* [WHAT IS REQUIRED]:
In the records below, the lines from the one with "2 YD PC-Black Mini Circle Sequin Mesh Fabric" through the last are to be printed exactly, and nothing else.

DATA TO USE Block Start

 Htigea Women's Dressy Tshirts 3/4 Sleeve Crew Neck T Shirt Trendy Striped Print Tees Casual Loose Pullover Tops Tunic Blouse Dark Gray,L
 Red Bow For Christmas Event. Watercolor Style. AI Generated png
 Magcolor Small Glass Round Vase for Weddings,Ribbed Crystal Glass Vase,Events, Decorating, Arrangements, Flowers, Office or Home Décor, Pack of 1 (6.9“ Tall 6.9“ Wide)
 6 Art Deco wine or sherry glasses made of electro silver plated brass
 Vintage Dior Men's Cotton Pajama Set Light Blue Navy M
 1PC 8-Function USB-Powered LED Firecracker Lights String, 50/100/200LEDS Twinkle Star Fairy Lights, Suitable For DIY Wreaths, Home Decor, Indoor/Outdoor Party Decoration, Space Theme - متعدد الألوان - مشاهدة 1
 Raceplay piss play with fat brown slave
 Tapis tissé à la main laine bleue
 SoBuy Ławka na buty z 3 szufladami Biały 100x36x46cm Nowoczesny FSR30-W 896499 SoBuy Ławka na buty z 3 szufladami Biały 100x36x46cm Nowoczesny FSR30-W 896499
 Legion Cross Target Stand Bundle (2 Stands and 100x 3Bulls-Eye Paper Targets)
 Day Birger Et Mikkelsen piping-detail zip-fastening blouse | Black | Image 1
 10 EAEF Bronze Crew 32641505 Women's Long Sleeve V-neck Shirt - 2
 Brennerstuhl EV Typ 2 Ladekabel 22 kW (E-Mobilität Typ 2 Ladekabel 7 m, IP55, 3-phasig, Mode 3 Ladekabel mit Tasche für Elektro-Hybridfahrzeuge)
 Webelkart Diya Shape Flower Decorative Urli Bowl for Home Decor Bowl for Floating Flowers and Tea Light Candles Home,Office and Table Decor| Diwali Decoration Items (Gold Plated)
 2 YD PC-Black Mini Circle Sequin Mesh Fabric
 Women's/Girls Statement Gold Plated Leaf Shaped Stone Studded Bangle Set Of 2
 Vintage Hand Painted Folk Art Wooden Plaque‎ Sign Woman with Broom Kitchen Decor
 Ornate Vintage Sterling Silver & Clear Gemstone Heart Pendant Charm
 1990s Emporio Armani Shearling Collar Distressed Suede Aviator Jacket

DATA TO USE Block End

* [RESULT BELOW]:
 2 YD PC-Black Mini Circle Sequin Mesh Fabric
 Women's/Girls Statement Gold Plated Leaf Shaped Stone Studded Bangle Set Of 2
 Vintage Hand Painted Folk Art Wooden Plaque‎ Sign Woman with Broom Kitchen Decor
 Ornate Vintage Sterling Silver & Clear Gemstone Heart Pendant Charm
 1990s Emporio Armani Shearling Collar Distressed Suede Aviator Jacket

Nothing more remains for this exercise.